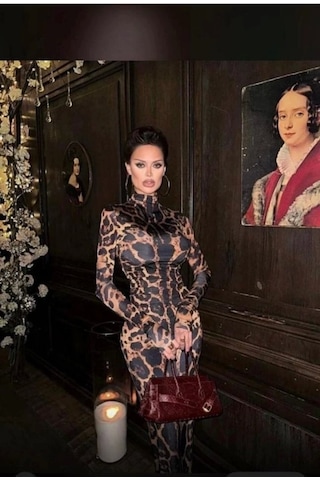 Saklımoda Kadın Yarım Balıkçı Yaka Uzun Kollu Leopar Baskılı Atlas Kumaş Maxi Boy Elbise Leopar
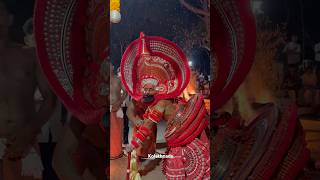 ഈ തെയ്യം കണ്ണു കൊണ്ട് കാണിക്കുന്നത് കണ്ടോ #theyyam #theyyam_songs #theyyamkerala #tulunadu #kola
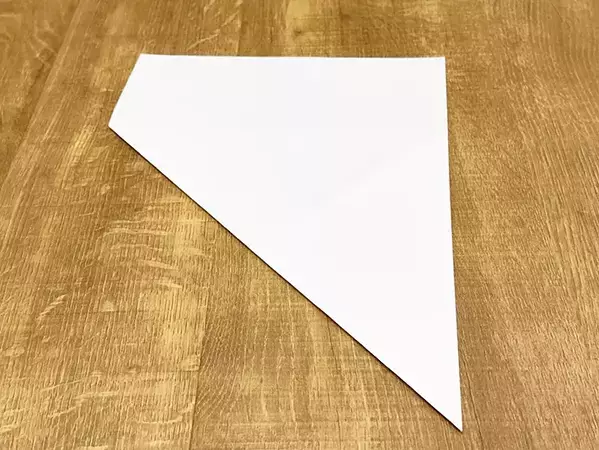 スマホスタンドが欲しいと思った時に！　紙1枚で実践できるライフハックに「目からウロコ」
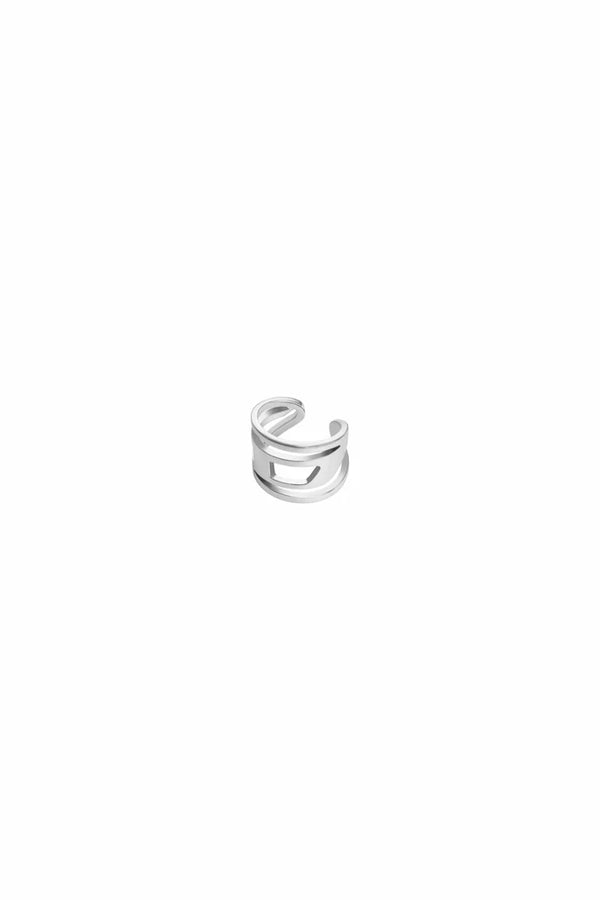 Stainless steel ear cuff features the D logo in a wrapped design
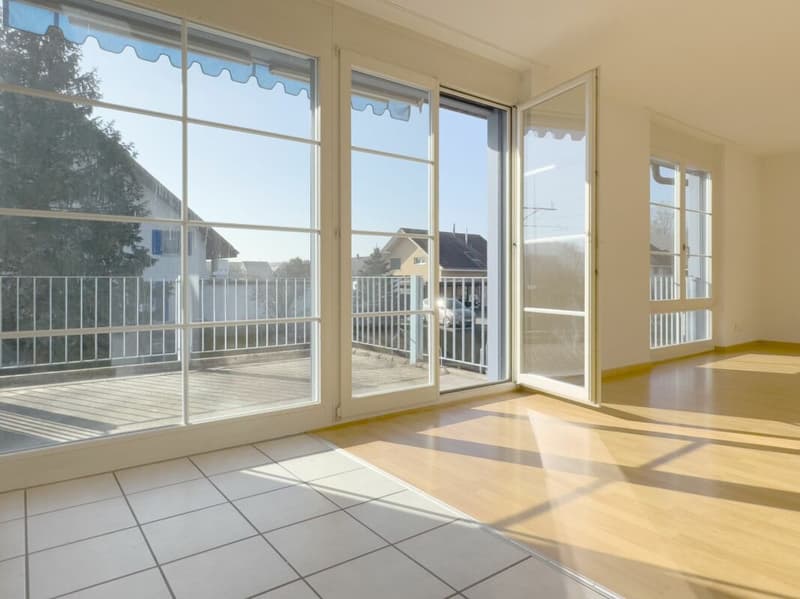 4.5-Zimmer-Eigentumswohnung mit sonnigem Balkon und vielen Annehmlichkeiten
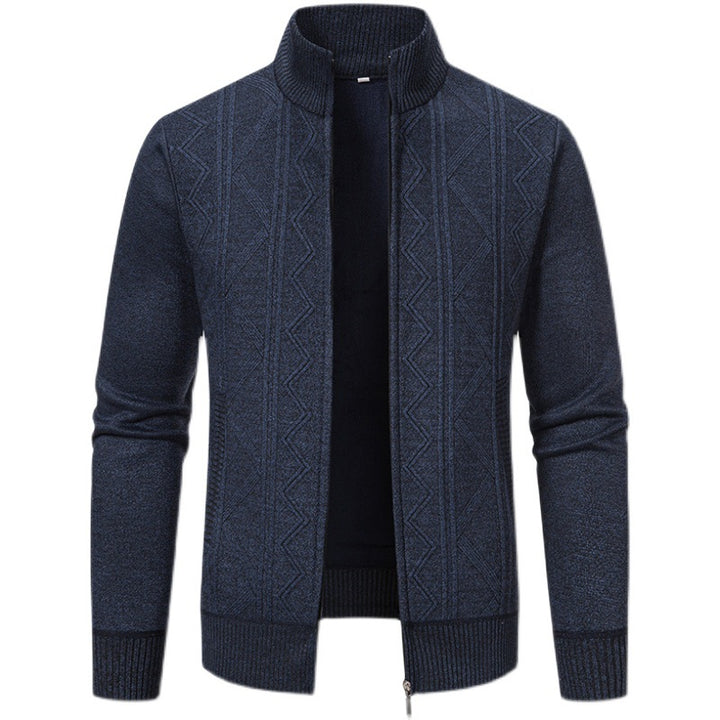 Herren elegante Strickjacke mit strukturiertem Zopfmuster und hohem Kragen Drune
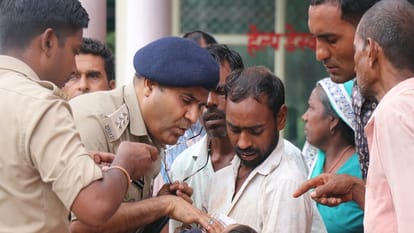 Bijnor: Leopard killed a two-year-old child, held it in its jaws, and when noise was raised, ran away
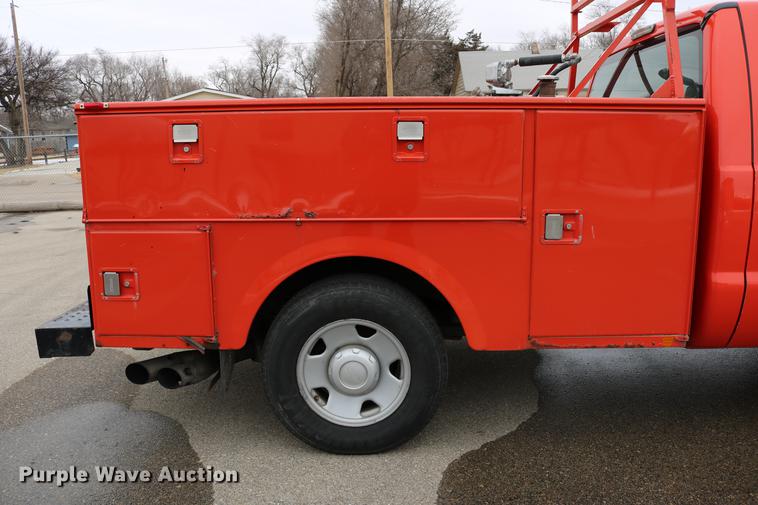 image for item DB6588 2008 Ford F250 Super Duty utility bed pickup truck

■ ■ ■

**What to produce:** Hand back the exact lines from the start of the entries to the line with "Bijnor: Leopard killed", both ends kept and pictures left out.

**Response to the exercise:**
 Saklımoda Kadın Yarım Balıkçı Yaka Uzun Kollu Leopar Baskılı Atlas Kumaş Maxi Boy Elbise Leopar
 ഈ തെയ്യം കണ്ണു കൊണ്ട് കാണിക്കുന്നത് കണ്ടോ #theyyam #theyyam_songs #theyyamkerala #tulunadu #kola
 スマホスタンドが欲しいと思った時に！　紙1枚で実践できるライフハックに「目からウロコ」
 Stainless steel ear cuff features the D logo in a wrapped design
 4.5-Zimmer-Eigentumswohnung mit sonnigem Balkon und vielen Annehmlichkeiten
 Herren elegante Strickjacke mit strukturiertem Zopfmuster und hohem Kragen Drune
 Bijnor: Leopard killed a two-year-old child, held it in its jaws, and when noise was raised, ran away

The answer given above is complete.